# papeles package - parsing files examples


In this notebook, there are 3 examples of things you might want to do with the raw PDF files you might want to do analysis on. Using the data extracted from the [neurips_crawler](https://github.com/glhuilli/neurips_crawler), raw PDF files are processed, and two sub tasks are presented: extract paper sentences (everything that is not references or header) and extract header (everything above the abstract). 

Some applications like references extraction will be added in future applications. 


## Process PDF files 

using `neurips.load.load_folder` you'll be able to process Neurips PDF files and extract as a generator that can be used for processing purposes (e.g. the ones presented in the following sections). 


In [33]:
import os
from tqdm.notebook import tqdm

from papeles.corpus.neurips.load import load_folder

# output is the output folder from neurips_crawler: https://github.com/glhuilli/neurips_crawler
NEURIPS_DATA_OUTPUT = '/var/data/neurips_crawler/output'  


metadata = {}  # year -> NeurIPS object 
files_data = {}  # file_name -> text of file
for folder in tqdm(os.listdir(NEURIPS_DATA_OUTPUT)):
    year = folder.split('_')[-1]
    files_sentences, files_metadata = load_folder(os.path.join(NEURIPS_DATA_OUTPUT, folder))
    metadata[year] = files_metadata
    files_data.update(files_sentences)
print(f'files: {len(files_data)}')

HBox(children=(FloatProgress(value=0.0, max=11.0), HTML(value='')))


files: 5327


In [37]:
metadata['2009']['3689-information-theoretic-lower-bounds-on-the-oracle-complexity-of-convex-optimization.pdf']

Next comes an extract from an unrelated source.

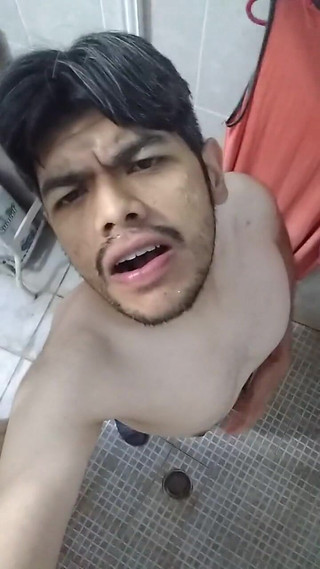 Alex Sixel: Penis jde z ochablého na tvrdý s výbuchem spermatu na...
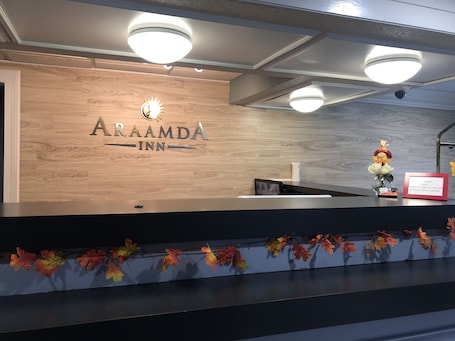 Reception. Araamda Inn Norcross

{'id': 'a9f07f6e-073c-5dca-9071-256ffc6dec5b',
 'title': 'Information-theoretic lower bounds on the oracle complexity of convex optimization',
 'pdf_name': '3689-information-theoretic-lower-bounds-on-the-oracle-complexity-of-convex-optimization.pdf',
 'abstract': 'Despite the large amount of literature on upper bounds on complexity of convex analysis, surprisingly little is known about the fundamental hardness of these problems. The extensive use of convex optimization in machine learning and statistics makes such an understanding critical to understand fundamental computational limits of learning and estimation. In this paper, we study the complexity of stochastic convex optimization in an oracle model of computation. We improve upon known results and obtain tight minimax complexity estimates for some function classes. We also discuss implications of these results to the understanding the inherent complexity of large-scale learning and estimation problems.',
 'authors': [{'id': 'alekh

In [38]:
list(files_data.keys())[0]

'3689-information-theoretic-lower-bounds-on-the-oracle-complexity-of-convex-optimization.pdf'

## Extract "Sentences" of Papers

Each paper has different sections that might be of relevance for different applications. In this case, `paper.get_sentences` is mainly focused in getting all those lines in the paper that are related to the main content of the paper (before the "references" and after the "abstract").



In [27]:
from papeles.utils import paper
from collections import Counter, defaultdict


NEURIPS_ANALYSIS_DATA = '/var/data/neurips_analysis/'


# Note that this takes ~2hrs to run. 
for paper_key, paper_sentences in tqdm(list(files_data.items())):
    with open(os.path.join(NEURIPS_ANALYSIS_DATA, f'files_sentences/{paper_key}_sentences.txt'), 'w') as f:
        for line in paper.get_sentences(paper.flatten(paper_sentences)):
            f.write(line + '\n')


## Extract "Header" of Papers 

To get the header of a paper, which is defined as everything right before the abstract (i.e. title, authors, etc.), you can use the `paper.get_header` method as follows: 

In [34]:

for paper_key, paper_sentences in tqdm(list(files_data.items())):
    with open(os.path.join(NEURIPS_ANALYSIS_DATA, f'files_headers/{paper_key}_headers.txt'), 'w') as f:
        for line in paper.get_header(paper.flatten(paper_sentences)):
            f.write(line + '\n')


HBox(children=(FloatProgress(value=0.0, max=5327.0), HTML(value='')))




## Save paper metadata

In the particular case of Neurips, there's metadata available, which is recommended to be stored independently from other files, and it shows information as the year of publication, authors (author_id and author_name), and the paper_key (number at the beginning of the file). 

In [41]:
import json

from papeles.paper.neurips import get_key


for year, paper_data in tqdm(data.items()):
    for paper_key, file_metadata in paper_data.items():
        file_metadata = metadata[year][paper_key]
        file_metadata['year'] = int(year)
        file_metadata['paper_key'] = get_key(paper_key)
        with open(os.path.join(NEURIPS_ANALYSIS_DATA, f'files_metadata/{paper_key}_metadata.json'), 'w') as f:
            json.dump(file_metadata, f)


HBox(children=(FloatProgress(value=0.0, max=11.0), HTML(value='')))